There won’t be any ban on live exports of sheep to the Middle East during the northern hemisphere’s summer in 2018. David Littleproud, the Federal Agriculture Minister, is set to release the independent review into the industry today.

It has been confirmed that over the summer occurring in the northern hemisphere there won’t be any bans on the live export of sheep despite the concerns of the Australian Veterinary Association (AVA) and the RSPCA that there was no mechanism to protect sheep from heat stress that is often fatal.

The independent review was set up by the Government following the release of shocking video that showed hundreds of sheep dying of heat stress during a voyage from Perth to Freemantle in 2017. Despite the personal outrage from Mr Littleproud, it appears that the promise that the video would not lead to a ban will be kept.
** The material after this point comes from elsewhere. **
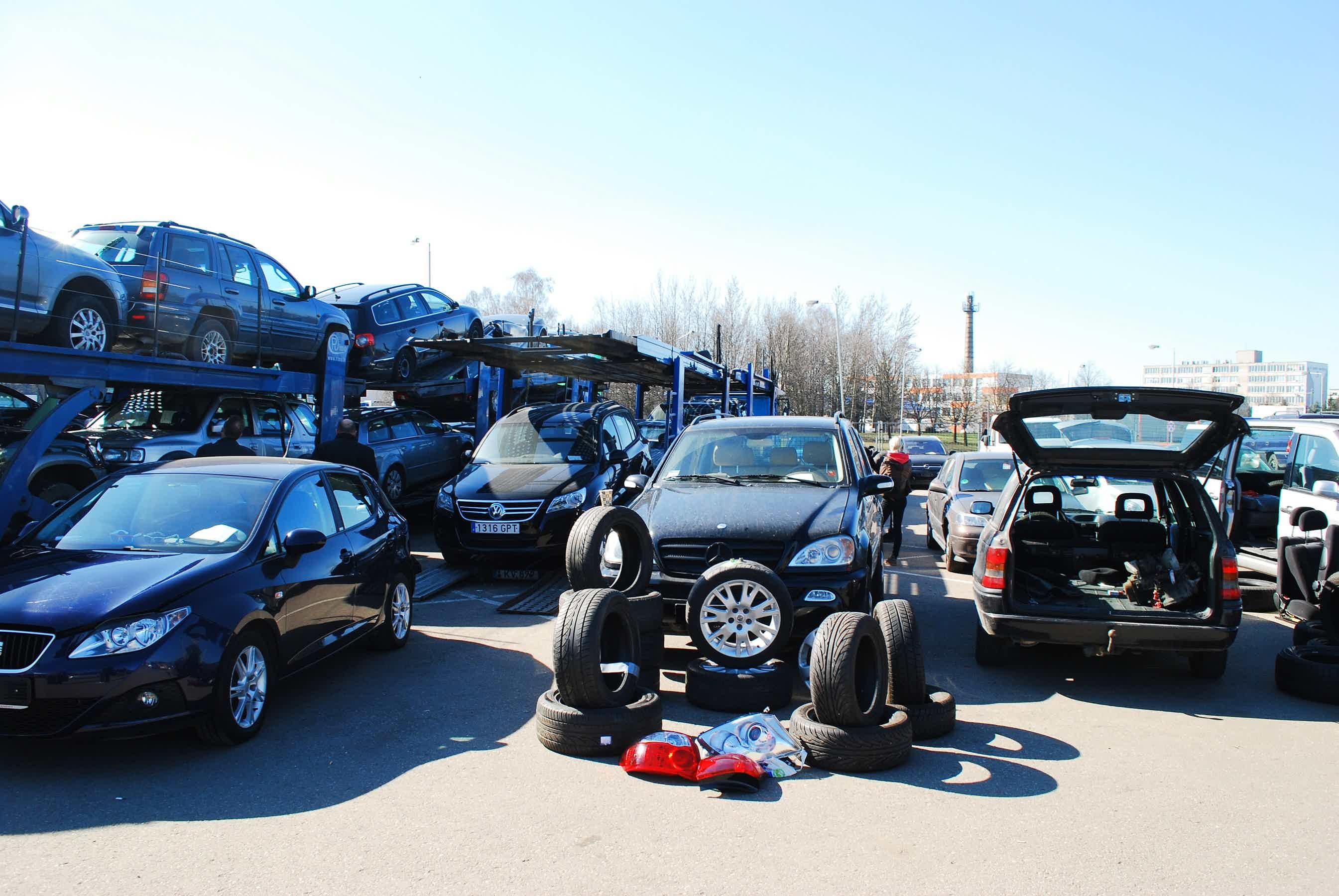 Conheça como funciona um leilão de carros apreendidos ou recuperados. Fonte: AdobeStock.
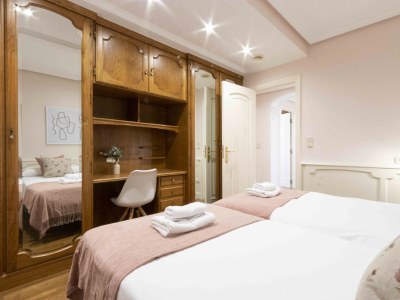 Apartment Elkano | The Rentals Collection - Features photo 19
Labor recently called for a complete ban on the industry, saying that the industry was no longer viable.

The disturbing images of dead and dying sheep prompted a widespread outcry for an end to live exports, at least during the hottest months of the year.

However, the live sheep trade is worth approximately $249 million AUD each year and employs a great deal of Australian farmers. Emanuel Exports, a major live sheep exporter, agreed to the government’s demands for an independent authority to board and accompany live exports as well as provide a 17.5% increase of space for the animals.

The shocking video footage that prompted the renewed debate on live exports was filmed on an Emanuel Exports shipment in which 2,400 sheep died. Mr Littleproud and animal rights groups expressed that the conditions the sheep were being transported in were unacceptable.

In its own submission to the independent review, the AVA recommended that there be a temporary hold on live exports during the northern summer months between May and October and that the space for sheep be expanded to 30% more. It has been noted that air conditioning for the livestock is not an option.

However, those who export livestock for a living say that a suspension of a trade during the north summer would destroy Australia’s competitiveness and make other nations view Australia as unreliable. Matt Canavan, a Nationals frontbencher, said that the Government needs to be careful about how it handles the industry and not make Labor’s mistake seeking a “kneejerk” ban.